Поэзия Павла Васильева — это поэзия больших гражданских тем. Глубоко, правдиво и страстно отразила она свою эпоху. Она была подлинно современной и тогда, когда поэт уходил в дали истории. Она отвечала на вопросы, что ставило ее время, дышала его дыханием.
Нам, землякам поэта, его великолепная поэзия дорога и тем, что над ней «висит казахстанское небо прочно». Родившийся в Зайсане, выросший в Павлодаре, Павел Васильев почти все свое творчество посвятил краю своего детства. Трудно найти в русской литературе другого поэта, который так бы врос корнями в почву, что вскормила его, — действие большинства стихотворений и поэм Васильева развертывается на берегах Иртыша. Еще мальчишкой он покинул родные места, изъездил всю Сибирь и Дальний Восток, потом жил в Москве, в отчий дом возвращался не часто и ненадолго, но в стихах остался однолюбом — над ними всегда светит жаркое солнце казахских степей или «прииртышский ущербный гнутый месяц». К земле своего детства он обращается со словами: «Родительница степь…»

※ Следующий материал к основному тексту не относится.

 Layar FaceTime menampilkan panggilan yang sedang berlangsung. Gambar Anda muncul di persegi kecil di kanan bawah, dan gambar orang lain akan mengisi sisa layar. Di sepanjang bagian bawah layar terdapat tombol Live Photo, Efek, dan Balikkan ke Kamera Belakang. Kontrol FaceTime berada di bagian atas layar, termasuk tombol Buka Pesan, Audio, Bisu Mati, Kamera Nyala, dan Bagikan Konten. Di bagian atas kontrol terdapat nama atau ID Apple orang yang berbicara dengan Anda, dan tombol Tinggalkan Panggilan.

А родина поэта была краем со сложным и богатым прошлым.
Где-то в шестнадцатом веке Русь впервые подошла к границам великой степи, протянувшейся от Каспия до Алтая, степи, где кочевали казахи. Так встретились два народа.
Как песок из чаши песочных часов, текли десятилетия и века, и с каждым из них все прочнее и сложнее переплеталась нить, связавшая смуглых степняков и осевших на краю степи русоголовых выходцев с Дона и Волги.